Collected data:
---+---

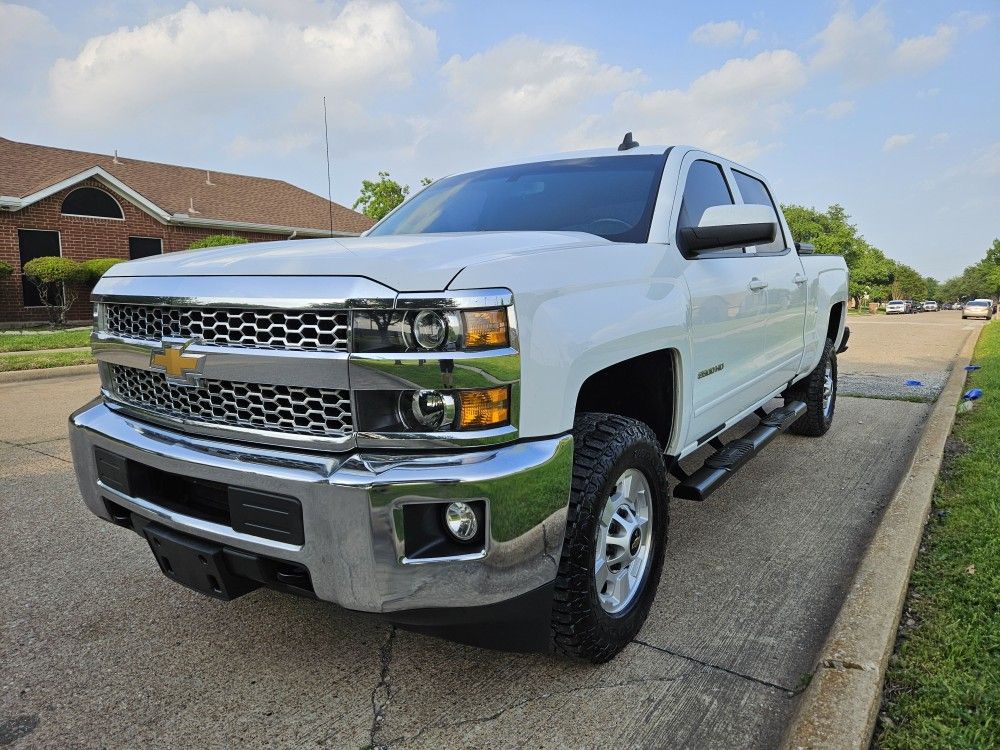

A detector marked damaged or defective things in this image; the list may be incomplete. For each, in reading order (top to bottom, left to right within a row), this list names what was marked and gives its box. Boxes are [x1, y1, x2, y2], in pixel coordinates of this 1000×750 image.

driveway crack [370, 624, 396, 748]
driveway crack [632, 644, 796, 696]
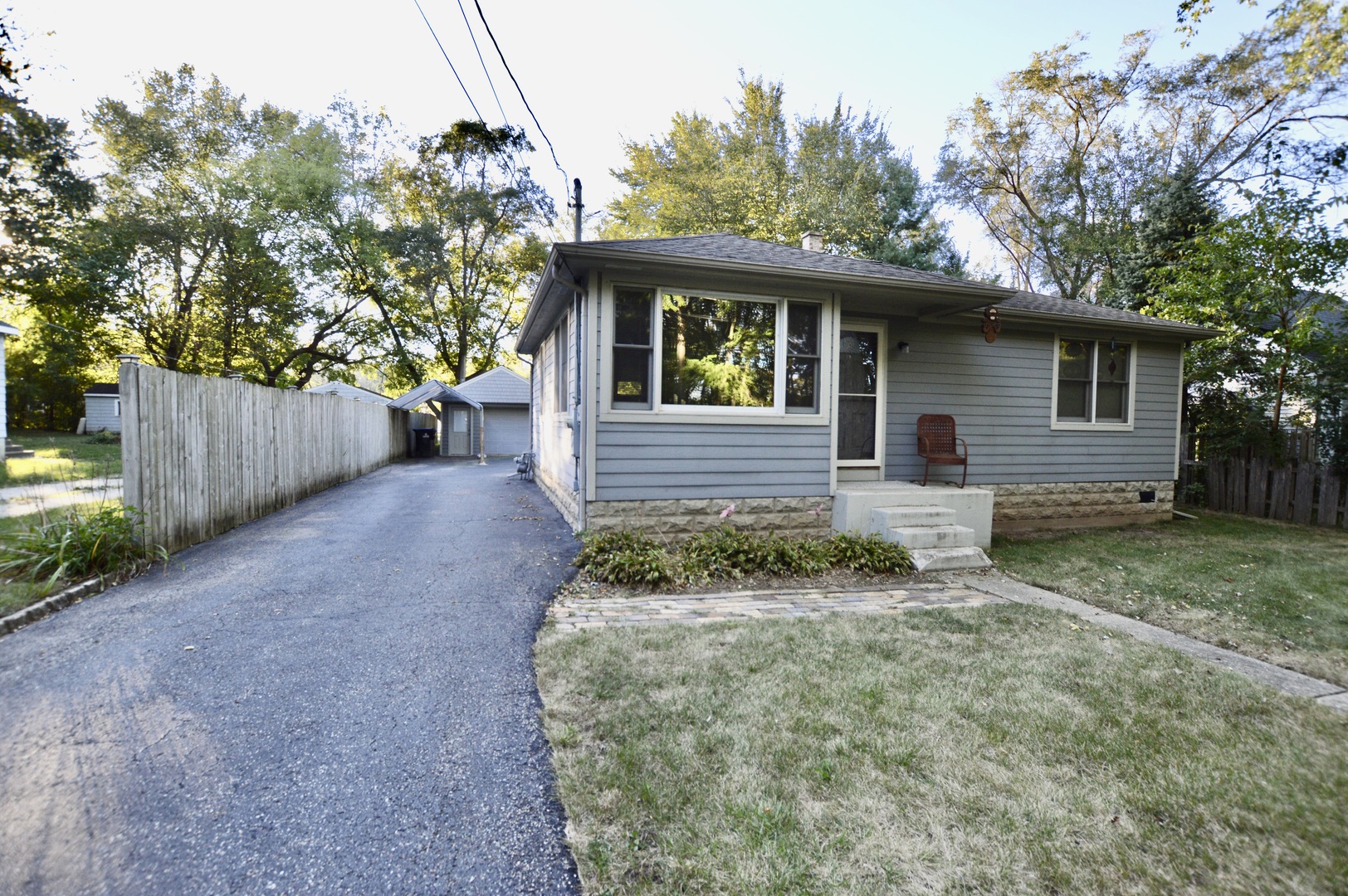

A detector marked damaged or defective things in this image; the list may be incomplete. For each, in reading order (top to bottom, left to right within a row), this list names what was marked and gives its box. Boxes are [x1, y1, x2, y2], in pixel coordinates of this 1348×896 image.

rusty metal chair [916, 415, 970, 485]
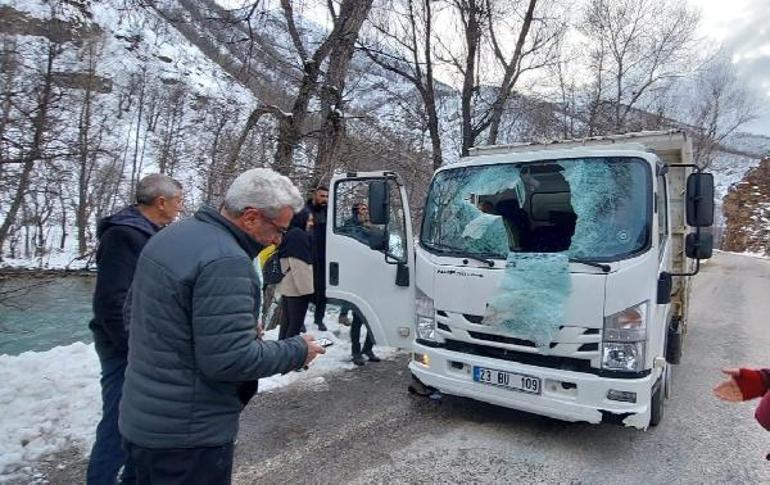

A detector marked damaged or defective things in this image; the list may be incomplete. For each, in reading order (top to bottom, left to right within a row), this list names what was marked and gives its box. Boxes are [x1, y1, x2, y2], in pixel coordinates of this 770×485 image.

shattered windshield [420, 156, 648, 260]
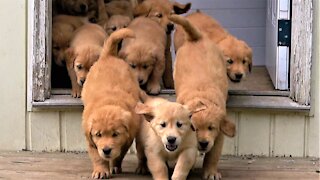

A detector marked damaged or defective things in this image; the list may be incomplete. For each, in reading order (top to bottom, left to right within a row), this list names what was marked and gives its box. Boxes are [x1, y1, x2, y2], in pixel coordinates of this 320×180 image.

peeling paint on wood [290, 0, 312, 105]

---+---

● EXERCISE DETAILS: Output the span from the line with "this 770×485 image." through the last line of the data, inclusive and exact, and omit every picture.

● ANSWER SECTION:
A detector marked damaged or defective things in this image; the list may be incomplete. For each, in reading order (top to bottom, left to right within a row), this list names what was marked and gives its box. Boxes are [x1, y1, x2, y2], in pixel coordinates of this 770×485 image.

shattered windshield [420, 156, 648, 260]

A detector marked damaged or defective things in this image; the list may be incomplete. For each, in reading order (top to bottom, left to right within a row), this list names what was marked and gives its box. Boxes are [x1, y1, x2, y2], in pixel coordinates of this 320×180 image.

peeling paint on wood [290, 0, 312, 105]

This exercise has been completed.